FIG. 2 is a bottom plan view similar to that which is shown in FIG. 1 but after rotation of the stabilizing element in the form of a wing to stabilize the medical device.
FIG. 3 is a bottom plan view of an implantable medical device having a cavity and a loop which can pass into the cavity and expand within the cavity to stabilize the housing.
FIG. 4 is an end elevation view of that which is shown in FIG. 3.
FIG. 5 is a side elevation view of that which is shown in FIG. 3.
FIG. 6 is a bottom plan view of that which is shown in FIG. 3 but with a stabilizing element in the form of a loop delivered through a cannula to utilize the stabilizing element in the form of a loop that is biased toward a deployed position but retrained in a narrow configuration before insertion into the cavity of the housing.
FIG. 7 is a bottom plan view similar to that which is shown in FIG. 6 but after positioning of the stabilizing element from the cannula into the cavity.

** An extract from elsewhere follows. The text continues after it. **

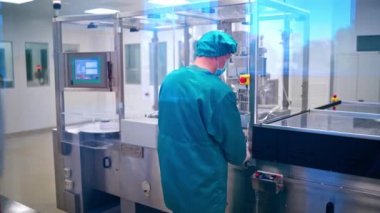 Eczacılık işçisi ilaç kullanıyor. İlaç endüstrisinde koruyucu giysi işçisi steril çalışma koşullarında tablet üretimi yapıyor.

FIG. 8 is a bottom plan view of an alternative embodiment medical device and associated cannula with the medical device featuring a pair of rotating wings pivotably attached thereto and a spreader rod for use in spreading the pair of wings opposite each other for conversion of the medical device from an implantation form to a stabilized form.
FIG. 9 is a bottom plan view similar to that which is shown in FIG. 8 but after advancing the spreader rod and rotating the wings to the final stabilized configuration.